Variational Autoencoders (I): That's What It's All About

By 苏剑林 | March 18, 2018

Although I hadn't looked into it closely in the past, I always had the impression that the Variational Autoencoder (VAE) was a fascinating tool. Taking advantage of a recent short-lived enthusiasm for Probabilistic Graphical Models, I decided to strive to understand VAE as well. As usual, I flipped through a lot of materials online and found that, without exception, they were quite vague. The general feeling was that while there were pages of formulas, everything remained blurry. When I finally thought I understood it and checked the implementation code, I felt the code and the theory were two completely different things.

Finally, by piecing things together and combining them with my recent accumulation of knowledge on probabilistic models, and repeatedly comparing everything with the original paper "Auto-Encoding Variational Bayes", I think I've finally figured it out.
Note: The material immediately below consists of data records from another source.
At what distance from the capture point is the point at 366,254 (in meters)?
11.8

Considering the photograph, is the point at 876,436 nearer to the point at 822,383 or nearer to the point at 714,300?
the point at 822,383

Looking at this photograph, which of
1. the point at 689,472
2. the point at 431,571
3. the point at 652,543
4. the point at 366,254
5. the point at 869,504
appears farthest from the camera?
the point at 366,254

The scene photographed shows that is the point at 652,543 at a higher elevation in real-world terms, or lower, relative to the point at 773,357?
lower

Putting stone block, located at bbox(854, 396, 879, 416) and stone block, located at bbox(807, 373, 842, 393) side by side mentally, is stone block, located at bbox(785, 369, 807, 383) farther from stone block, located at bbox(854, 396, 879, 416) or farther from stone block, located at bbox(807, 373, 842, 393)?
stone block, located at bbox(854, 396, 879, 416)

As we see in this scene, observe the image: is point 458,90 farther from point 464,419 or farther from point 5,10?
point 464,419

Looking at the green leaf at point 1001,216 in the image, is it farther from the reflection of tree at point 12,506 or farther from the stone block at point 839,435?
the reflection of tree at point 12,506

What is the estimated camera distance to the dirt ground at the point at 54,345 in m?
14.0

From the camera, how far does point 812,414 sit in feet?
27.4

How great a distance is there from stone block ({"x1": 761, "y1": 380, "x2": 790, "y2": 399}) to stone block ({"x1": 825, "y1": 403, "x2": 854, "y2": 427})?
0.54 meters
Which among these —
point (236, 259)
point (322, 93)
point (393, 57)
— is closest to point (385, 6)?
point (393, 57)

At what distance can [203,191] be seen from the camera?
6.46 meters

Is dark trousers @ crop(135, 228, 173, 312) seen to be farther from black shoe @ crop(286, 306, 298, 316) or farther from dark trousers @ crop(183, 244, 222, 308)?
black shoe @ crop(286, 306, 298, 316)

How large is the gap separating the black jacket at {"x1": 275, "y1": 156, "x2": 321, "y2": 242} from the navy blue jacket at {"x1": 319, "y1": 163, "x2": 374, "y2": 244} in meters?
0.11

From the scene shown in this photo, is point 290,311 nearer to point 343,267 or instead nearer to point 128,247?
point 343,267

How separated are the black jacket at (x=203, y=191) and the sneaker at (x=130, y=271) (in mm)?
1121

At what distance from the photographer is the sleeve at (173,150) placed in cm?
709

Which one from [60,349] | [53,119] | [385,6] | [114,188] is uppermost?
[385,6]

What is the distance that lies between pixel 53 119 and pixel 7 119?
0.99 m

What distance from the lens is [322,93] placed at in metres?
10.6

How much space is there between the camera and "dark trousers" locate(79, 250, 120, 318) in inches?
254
Actually, the real VAE is somewhat different from what many tutorials describe. Many tutorials write a lot without highlighting the key points of the model. Thus, I wrote this piece, hoping to explain VAE clearly through the following text.

Distribution Transformation

We usually compare VAE with GAN. Indeed, their goals are essentially the same—hoping to build a model that generates target data $X$ from hidden variables $Z$. However, the implementation is different. More accurately, they assume that $Z$ follows some common distribution (like a normal or uniform distribution), and then hope to train a model $X=g(Z)$ that maps the original probability distribution to the distribution of the training set. That is to say, the purpose of both is to perform transformations between distributions.
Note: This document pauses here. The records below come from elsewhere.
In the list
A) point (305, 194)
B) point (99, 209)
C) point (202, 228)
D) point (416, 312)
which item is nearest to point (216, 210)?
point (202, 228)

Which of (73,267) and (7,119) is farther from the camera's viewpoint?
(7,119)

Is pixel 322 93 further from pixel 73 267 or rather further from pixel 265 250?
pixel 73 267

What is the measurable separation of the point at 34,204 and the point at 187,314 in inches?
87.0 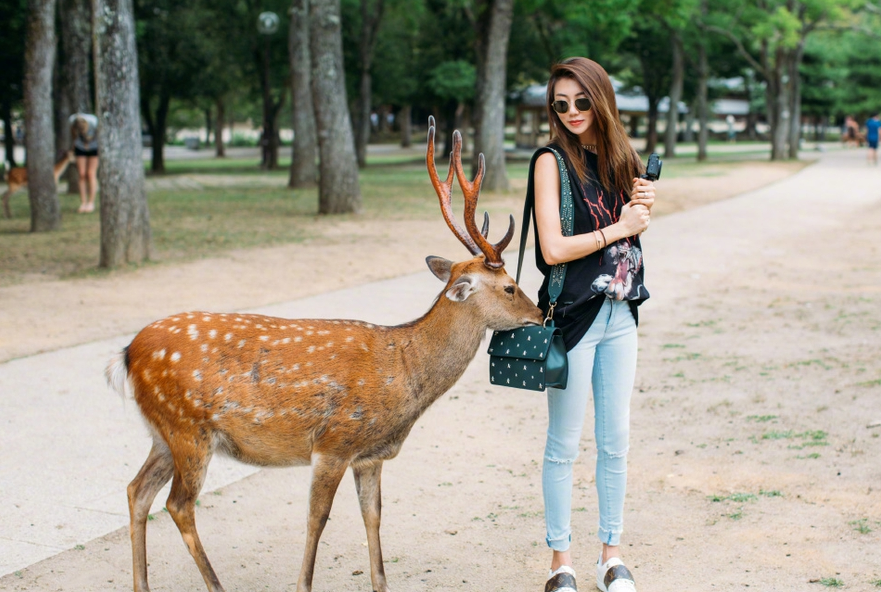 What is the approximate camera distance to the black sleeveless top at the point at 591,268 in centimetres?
351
The difficulty of generative models is judging the similarity between the generated distribution and the true distribution because we only know the sampling results of both, not their analytical distribution expressions.
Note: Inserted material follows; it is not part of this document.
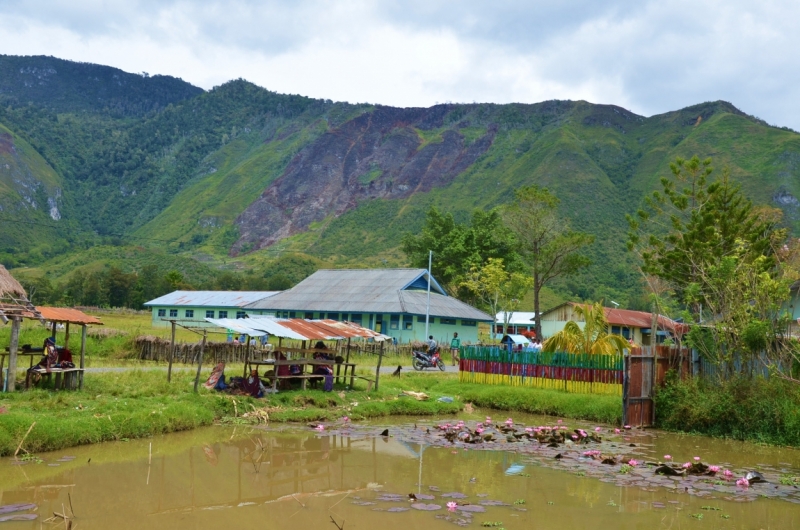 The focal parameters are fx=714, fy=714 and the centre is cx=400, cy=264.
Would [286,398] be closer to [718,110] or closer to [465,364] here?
[465,364]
Now, assume $Z$ follows a standard normal distribution. I can sample several $Z_1, Z_2, \dots, Z_n$ from it and then apply a transformation to get $\hat{X}_1 = g(Z_1), \hat{X}_2 = g(Z_2), \dots, \hat{X}_n = g(Z_n)$. How do we judge whether the distribution of this dataset constructed through $g$ is the same as our target dataset's distribution? Some readers might say, "Isn't there KL divergence?" Of course not, because KL divergence is calculated based on the expressions of two probability distributions to calculate their similarity. However, we currently do not know the expressions of their probability distributions. We only have a batch of data $\{\hat{X}_1, \hat{X}_2, \dots, \hat{X}_n\}$ sampled from the constructed distribution and a batch of data $\{X_1, X_2, \dots, X_n\}$ sampled from the real distribution (which is the training set we want to generate). We only have the samples themselves, not the distribution expressions, so we have no way to calculate KL divergence.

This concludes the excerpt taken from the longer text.